A SIGKILL murder mystery
Today I found myself debugging a mystery kill:
go test ./...
[packages passing fine]
fish: Job 1, 'go test ./...' terminated by signal SIGKILL (Forced quit)
Welp. This is a short writeup so that I remember what I did next time this happens.
First off, things that did not work:
- increasing test timeout
- disabling suspect services like apparmor
- strace -e ‘trace=!all’ go test ./…, strace also got killed
- looking at journalctl, dmesg
The thing that did work. To install and start auditd:
sudo apt install auditd
To enable logging of kills:
sudo auditctl -a exit,always -F arch=b64 -S kill -k audit_kill
tail -f /var/log/audit/audit.log
But wait:
type=SYSCALL msg=audit(1651484100.495:62): ... comm="kill" exe="/usr/bin/kill" subj=? key="audit_kill"^]ARCH=x86_64 SYSCALL=kill
So something was killing /usr/bin/kill directly.

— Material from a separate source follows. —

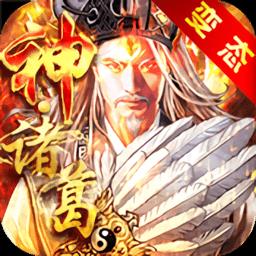 神将三国真3D手游变态版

Uhhh, time to replace /usr/bin/kill with a script that just runs sleep1 and:
rski@rski ~> lsof /usr/bin/kill
COMMAND PID USER FD TYPE DEVICE SIZE/OFF NODE NAME
kill 2580265 rski 255r REG 253,1 44 15733179 /usr/bin/kill
rski@rski ~> pstree -ps 2580265
systemd(1)───.kitty-wrapped(5514)───fish(2520326)───make(2576202)───sh(2576214)───go(2576215)───somepackage.test(2580252)───kill(2580265)───sleep(2580266)
The call was coming from inside the house. A package that deals with killing other processes was calling kill during testing and blowing itself away.
-
I could have munged the PATH I suppose, yes. Note-to-self-in-note-to-self: Do that next time. ↩